> The task
The material below holds pictures, which are to be left out; copy exactly the lines from the one with "It's a little" through the one with "A common question".

> Input
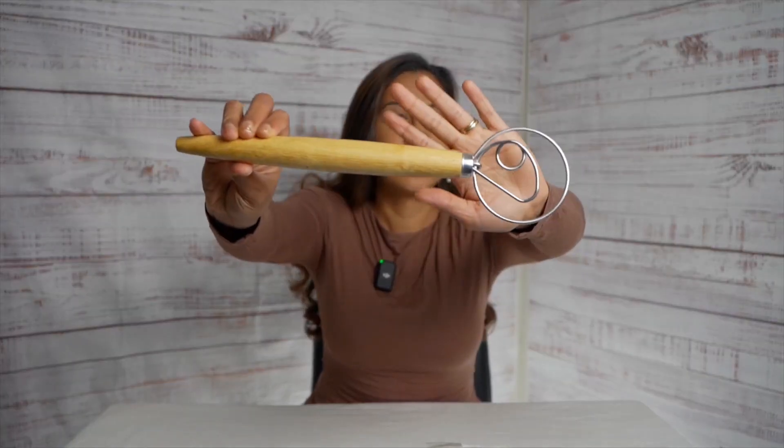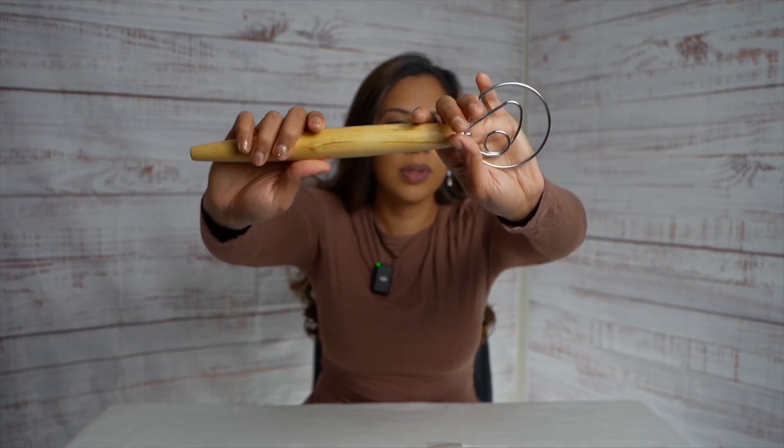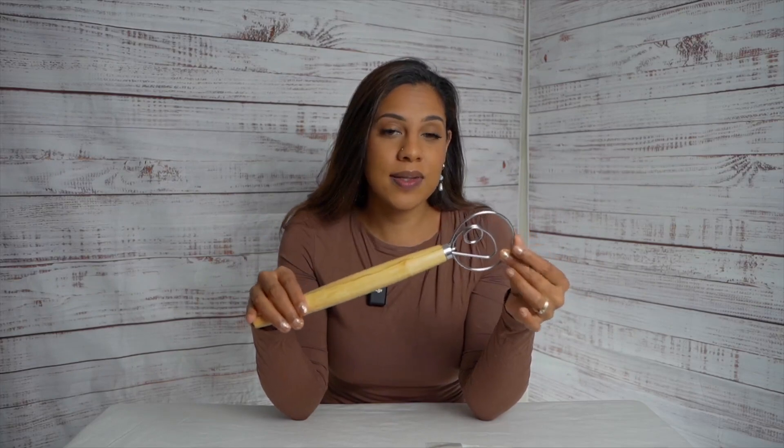All right guys, my first impression is this is actually very well made. Look at the product — it feels really good on my hand. It is 13 inches long and it's made with 304 stainless steel. That was something really important for me because I wanted to get something that was going to last me a long time.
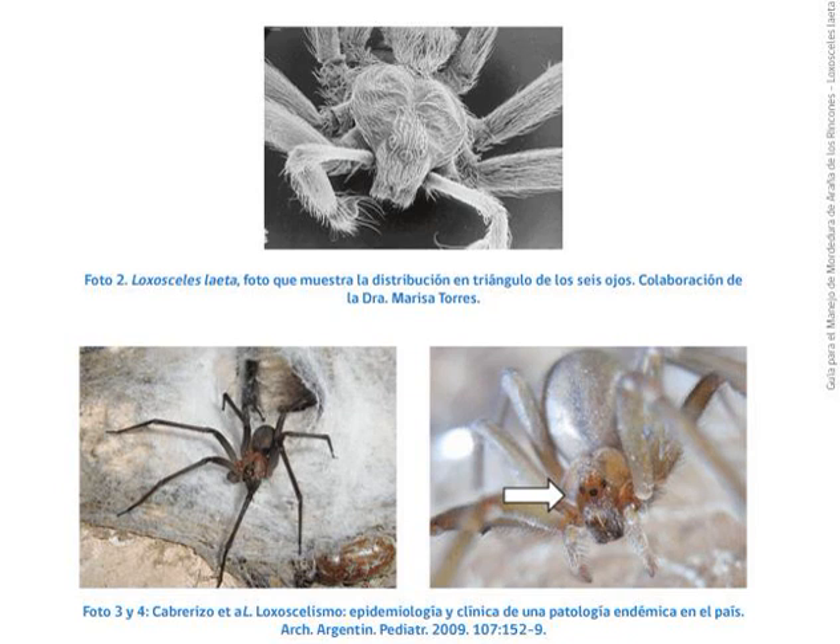In 2021, this spider was also found in three different school buildings in the town of Sandviken, Sweden.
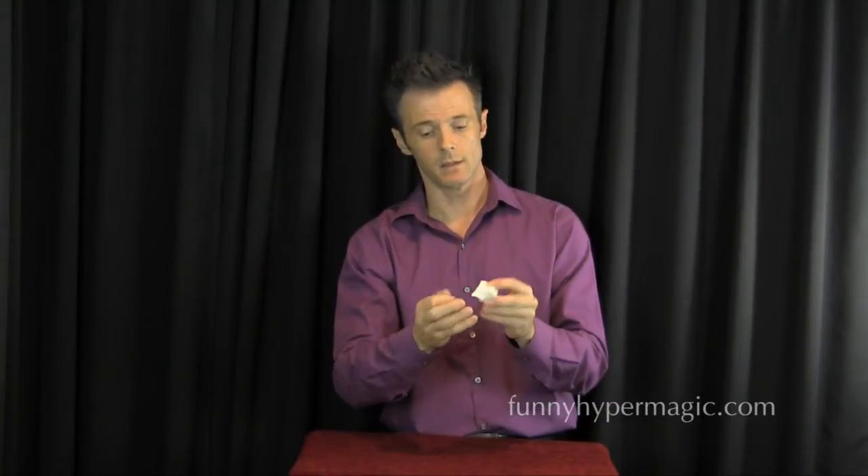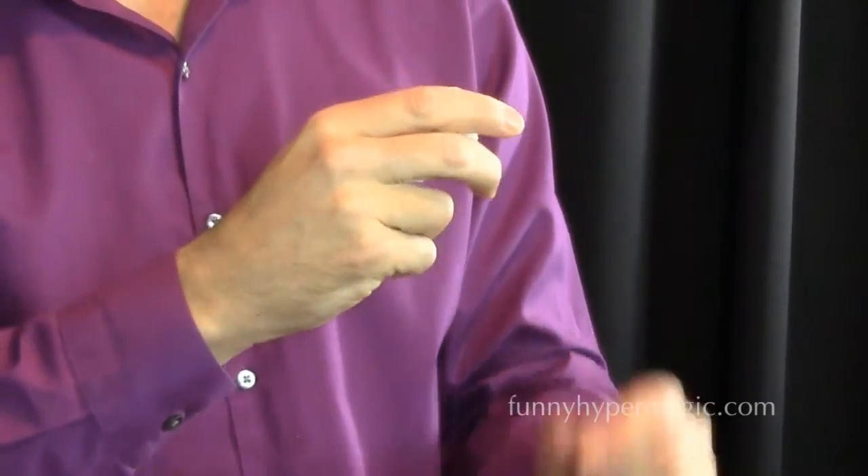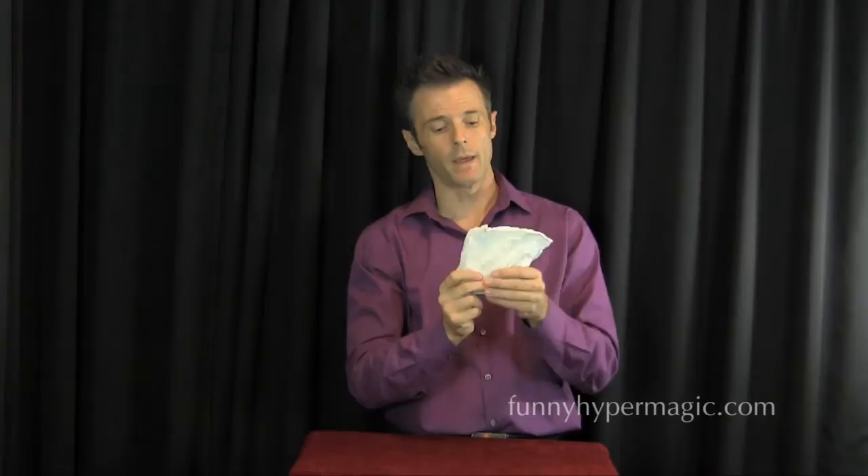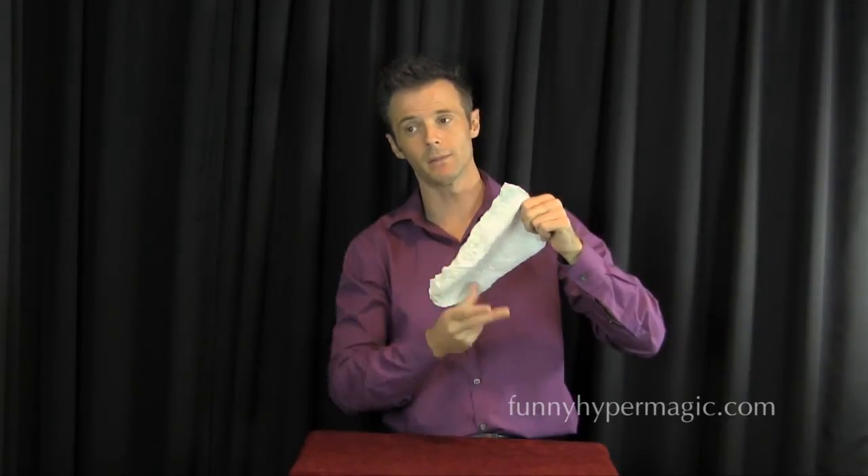It's a little fumbly sometimes until you get used to it. So the torn one is in hand; as I come back, I switch it and then open up the one I had hidden — they can see it's all back together. I bring my right hand down because it has the torn pieces, drop it into my lap as I come up and point at the napkin. Nothing in my hands whatsoever. The torn and restored napkin trick.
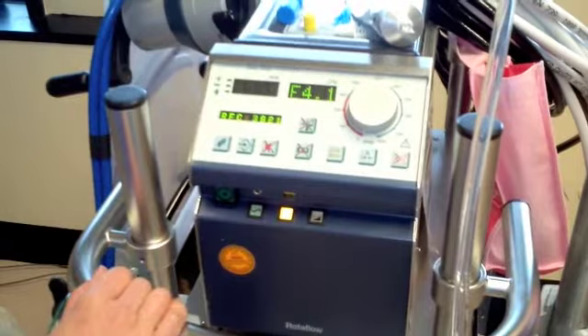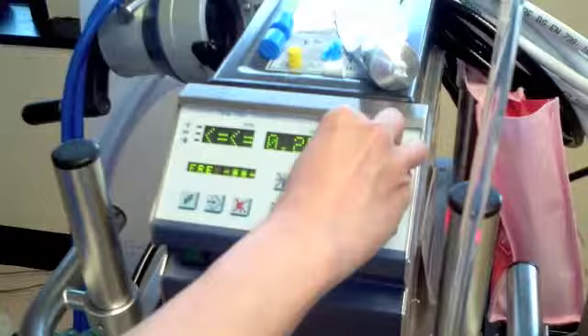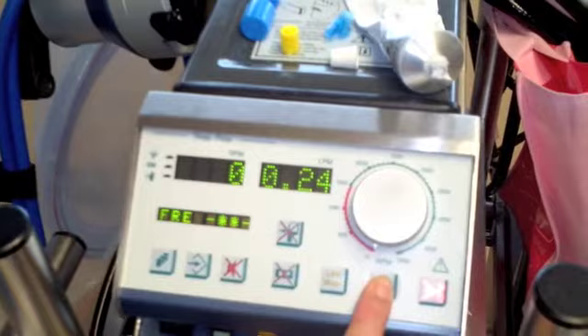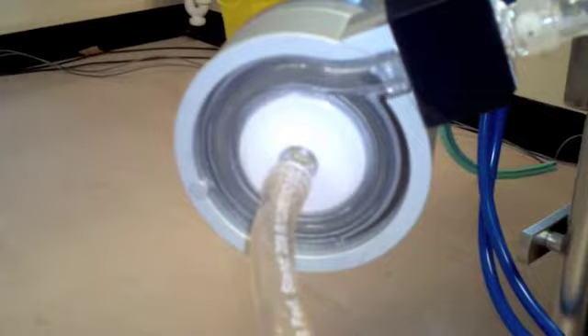We can now turn on the rotor flow machine. First we set it to zero and then we can turn on the flow slightly. This demonstrates air flowing through the centrifugal pump during the initial stage of priming.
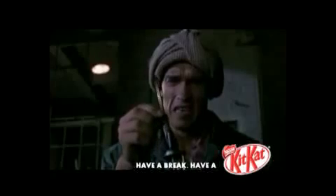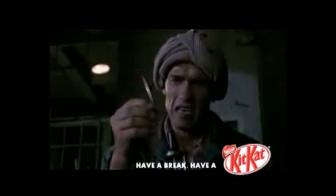Just pull it out. Be careful. It's my head too. Have a break. Have a Kit Kat.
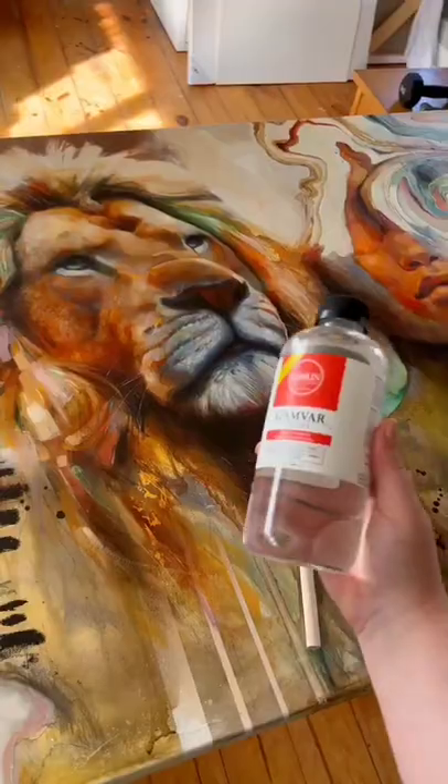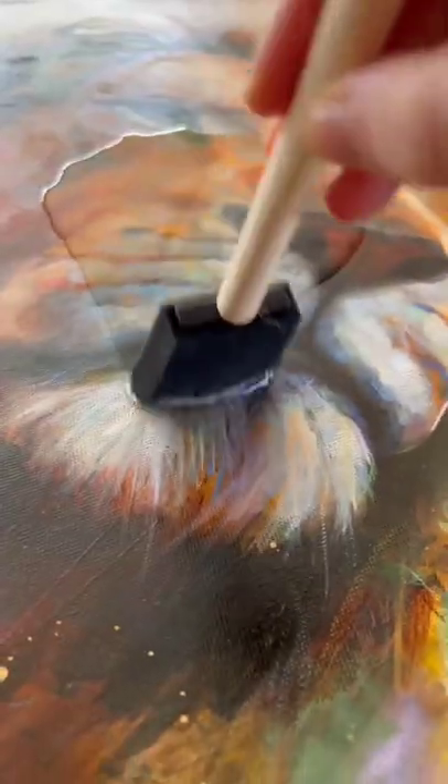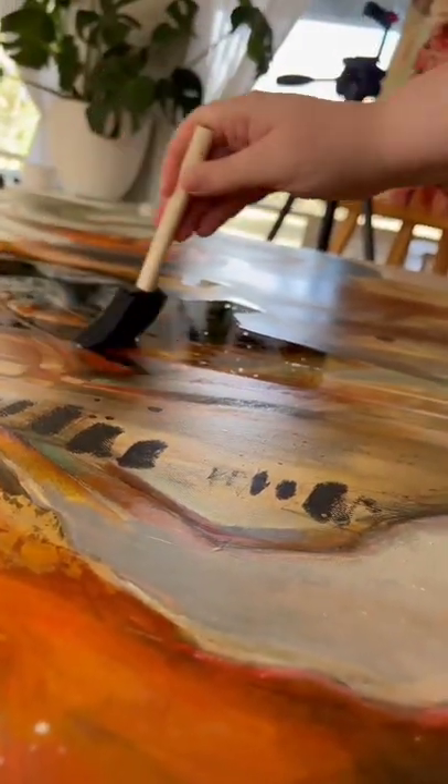A common question that I get is how do you prepare original paintings for shipment? You want to make sure that your painting is nice and protected, so make sure that you add a layer of varnish before it goes to its new home.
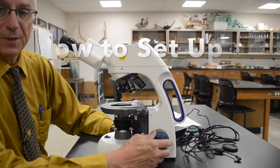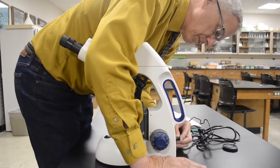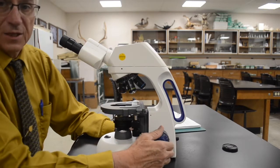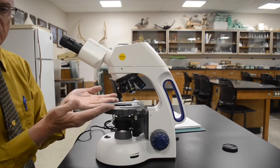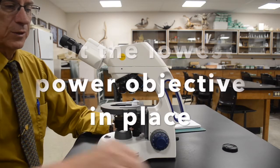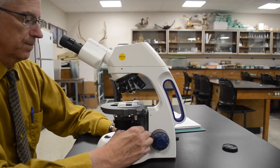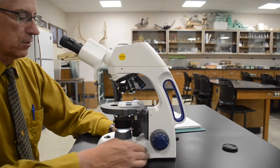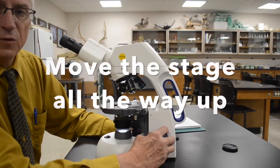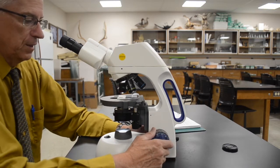The next thing I want to show you is preparing a microscope for use. Attach your power cord and plug your microscope in. If the person ahead of you knew what they were doing, the slide table should already be in the lowest position and the lowest magnification objective lens should already be in place. Take a microscope slide with something on it that's relatively easy to find, turn the light on, and move your slide into the center of the illumination. Then rotate your slide table all the way to the top.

> Expected output
It's a little fumbly sometimes until you get used to it. So the torn one is in hand; as I come back, I switch it and then open up the one I had hidden — they can see it's all back together. I bring my right hand down because it has the torn pieces, drop it into my lap as I come up and point at the napkin. Nothing in my hands whatsoever. The torn and restored napkin trick.
We can now turn on the rotor flow machine. First we set it to zero and then we can turn on the flow slightly. This demonstrates air flowing through the centrifugal pump during the initial stage of priming.
Just pull it out. Be careful. It's my head too. Have a break. Have a Kit Kat.
A common question that I get is how do you prepare original paintings for shipment? You want to make sure that your painting is nice and protected, so make sure that you add a layer of varnish before it goes to its new home.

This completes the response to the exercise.